Over the years it seems that winter is taking longer and longer to arrive.  However, it does not seem that the clothing retailers have recognized this emerging trend as I still see sales to offload summer clothes and replace them with winter starting earlier each year.  This inability of the retail firms to predict the weather is actually costing them money as despite their best marketing plans and promotional pricing customers will simply not buy a product that they do not need.  Think of the supply chain, clothing is often ordered months in advance based on what the weather typically is at that time of year. However, temperatures are often different from what was predicted—milder-than-usual winters, cold springs or otherwise inconsistent weather—The result is that clothes that are all wrong for the climate stay on racks and get discounted, hurting sales. So what are the international clothing retailers to do? According to the article The Next Fashion Trend: Weather Forecasting retails have turned to big data to determine the optimal time to change clothing lines to align with the weather. Fashion schools are starting to add into their curriculum classes on advanced predictive analytics. FIT a renowned fashion school launched a new course called Predictive analytics for planning and forecasting in which they focus on case studies with weatherization.  The course is geared for students in retail and merchandising careers.
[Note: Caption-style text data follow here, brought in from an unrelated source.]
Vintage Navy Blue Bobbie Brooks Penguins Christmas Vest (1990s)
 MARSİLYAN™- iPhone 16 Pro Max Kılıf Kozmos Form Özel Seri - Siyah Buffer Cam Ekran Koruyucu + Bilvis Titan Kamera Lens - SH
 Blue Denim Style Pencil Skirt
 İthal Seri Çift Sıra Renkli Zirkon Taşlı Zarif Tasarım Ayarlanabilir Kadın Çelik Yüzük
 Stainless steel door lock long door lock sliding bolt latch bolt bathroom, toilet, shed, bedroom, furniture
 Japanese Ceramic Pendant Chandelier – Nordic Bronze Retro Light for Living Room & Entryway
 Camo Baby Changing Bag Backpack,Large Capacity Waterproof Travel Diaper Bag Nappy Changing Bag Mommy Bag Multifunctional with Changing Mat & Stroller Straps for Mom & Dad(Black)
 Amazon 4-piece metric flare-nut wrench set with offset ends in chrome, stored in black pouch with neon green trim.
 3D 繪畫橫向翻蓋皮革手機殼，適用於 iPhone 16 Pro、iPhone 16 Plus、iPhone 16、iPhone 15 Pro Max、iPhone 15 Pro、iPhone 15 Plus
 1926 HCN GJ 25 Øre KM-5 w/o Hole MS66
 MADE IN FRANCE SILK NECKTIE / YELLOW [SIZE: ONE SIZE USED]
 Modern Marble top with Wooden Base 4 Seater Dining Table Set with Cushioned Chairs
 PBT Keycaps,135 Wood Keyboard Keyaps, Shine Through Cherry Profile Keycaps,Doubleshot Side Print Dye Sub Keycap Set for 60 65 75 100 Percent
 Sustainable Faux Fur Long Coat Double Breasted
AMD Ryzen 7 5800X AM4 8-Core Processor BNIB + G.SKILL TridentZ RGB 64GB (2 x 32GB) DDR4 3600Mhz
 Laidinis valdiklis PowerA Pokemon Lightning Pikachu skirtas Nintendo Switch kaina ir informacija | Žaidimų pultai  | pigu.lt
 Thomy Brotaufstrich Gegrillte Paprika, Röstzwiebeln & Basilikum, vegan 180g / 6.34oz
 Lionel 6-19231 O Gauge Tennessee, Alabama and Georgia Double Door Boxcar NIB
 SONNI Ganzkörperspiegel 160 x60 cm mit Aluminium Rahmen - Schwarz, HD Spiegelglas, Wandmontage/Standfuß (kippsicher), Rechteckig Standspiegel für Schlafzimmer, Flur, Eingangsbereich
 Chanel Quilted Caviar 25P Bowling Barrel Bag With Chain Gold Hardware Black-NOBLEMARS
Armed with advanced analytics companies like JC Penney and Macys are making smarter decisions regarding how they order products and when to stock their shelves.  All of this to ensure optimal sales are met for each season. 

1 comment:

  1. What a great article. This is most important in cities like Houston where we can go through all four seasons in the span of a day. It seems like all department stores try to set out all there winter clothes earlier and earlier every year no matter what state you live in but here in Texas it doesn't really feel winter till December and some summer clothes can still be sold all the way up until October November. I definitely think this will help department stores in the long run to maximize profits and probably be a game changer since they have been consulate losing sales due to online shopping.